> [What to do]:
The answer should hold only the lines from the one containing "901 Hillcrest Dr 208, Hollywood, FL 33021" through the one containing "Chain Reaction Pearl Necklace" in the entries below, copied exactly, without pictures.

> [Records for processing]:

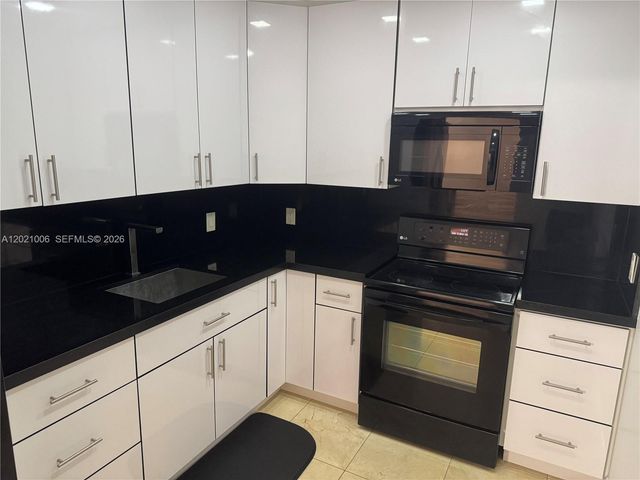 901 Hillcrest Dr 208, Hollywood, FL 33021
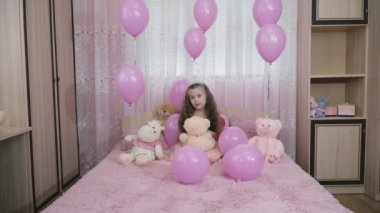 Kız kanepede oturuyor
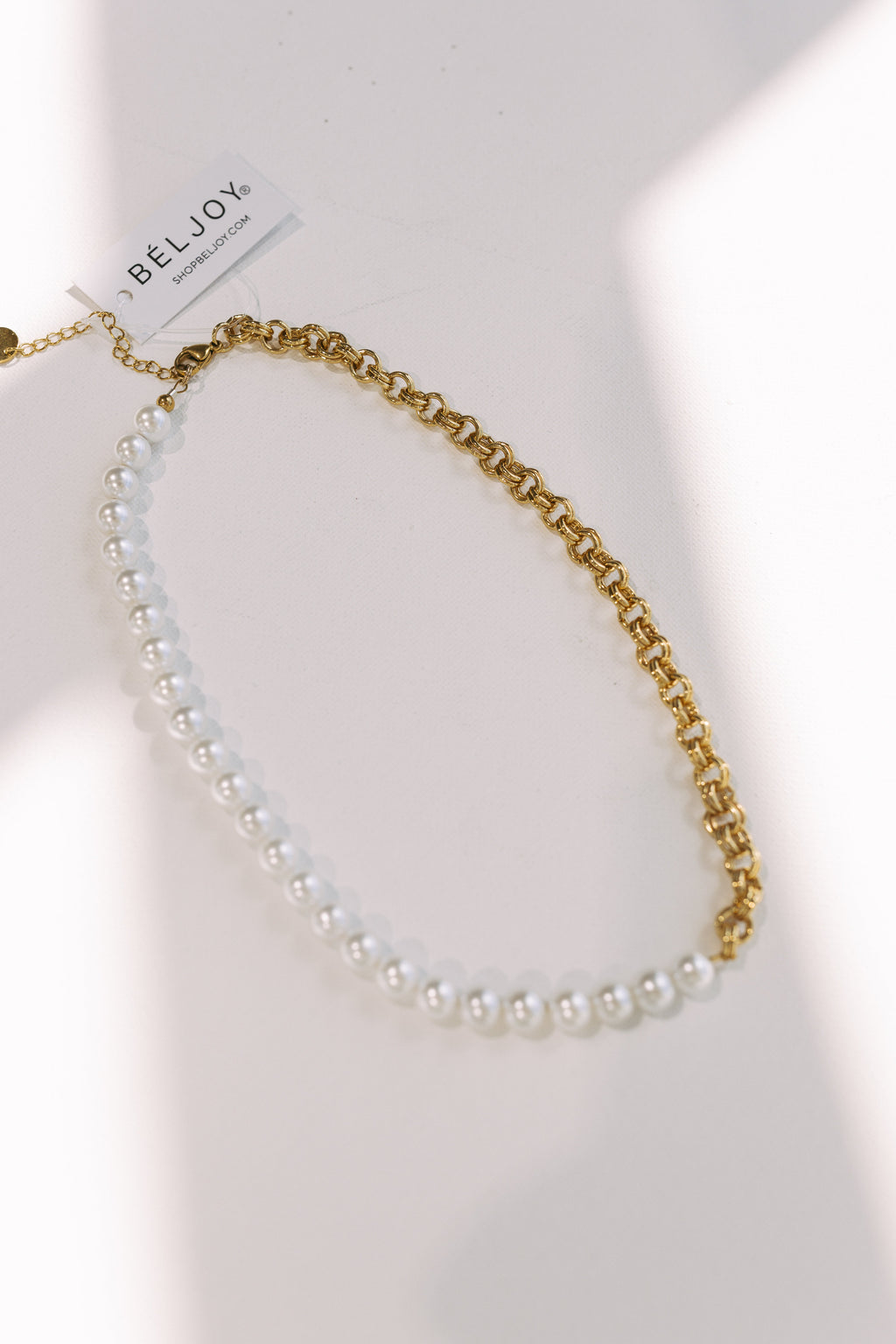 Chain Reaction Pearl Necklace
--
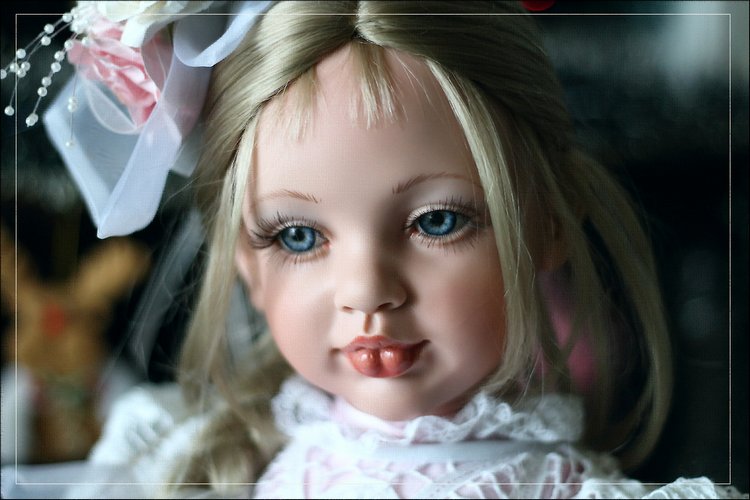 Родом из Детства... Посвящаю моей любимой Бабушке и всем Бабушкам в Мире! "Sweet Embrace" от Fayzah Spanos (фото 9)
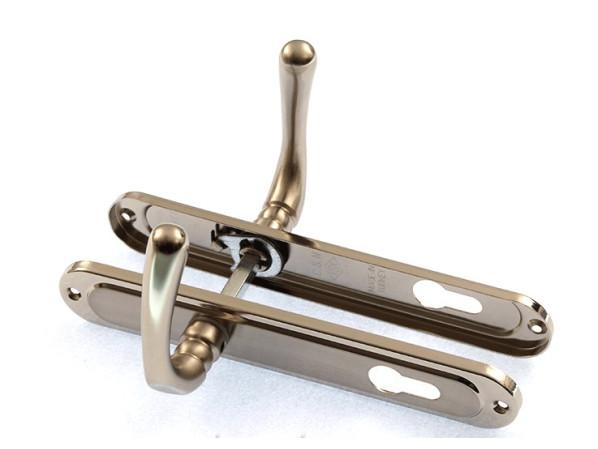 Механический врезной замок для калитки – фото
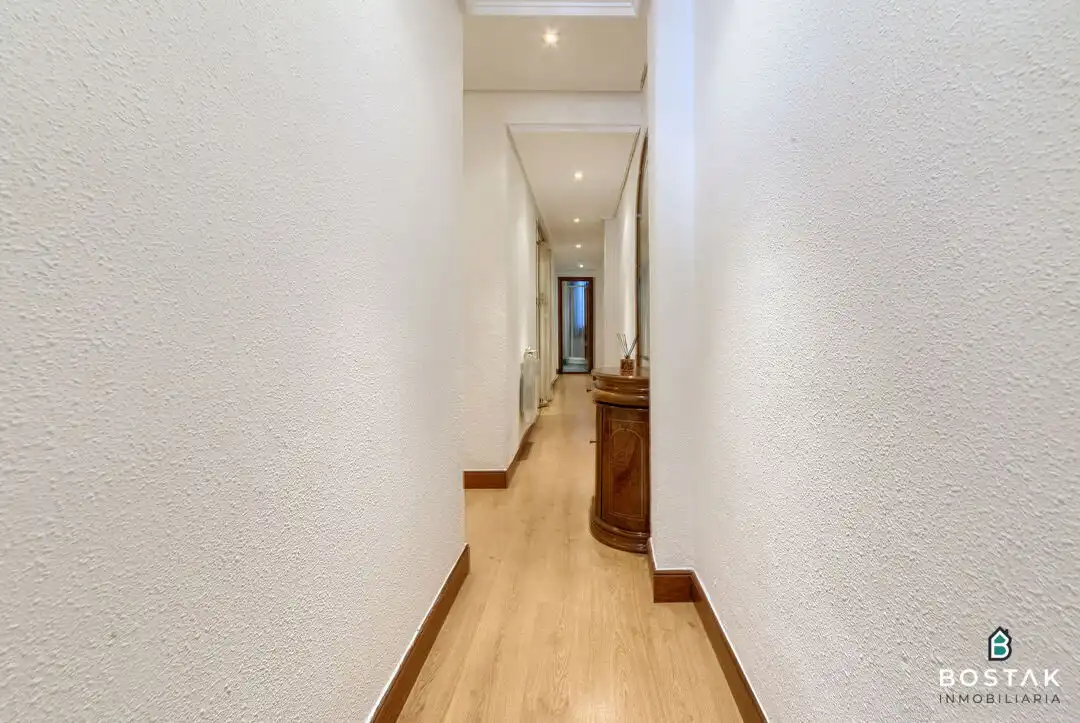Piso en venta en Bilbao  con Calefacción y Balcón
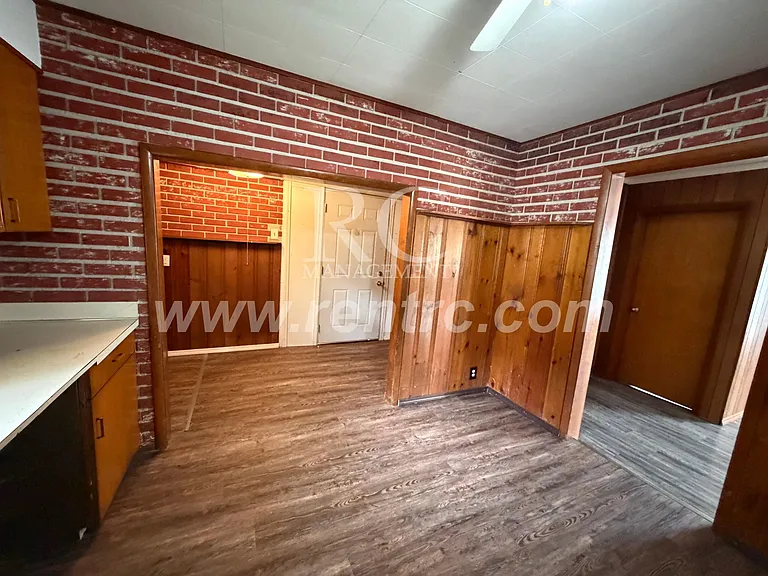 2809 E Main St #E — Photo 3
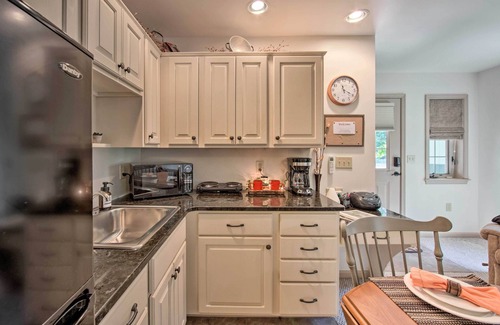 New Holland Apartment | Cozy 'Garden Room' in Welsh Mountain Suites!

> [Written response]:
 901 Hillcrest Dr 208, Hollywood, FL 33021
 Kız kanepede oturuyor
 Chain Reaction Pearl Necklace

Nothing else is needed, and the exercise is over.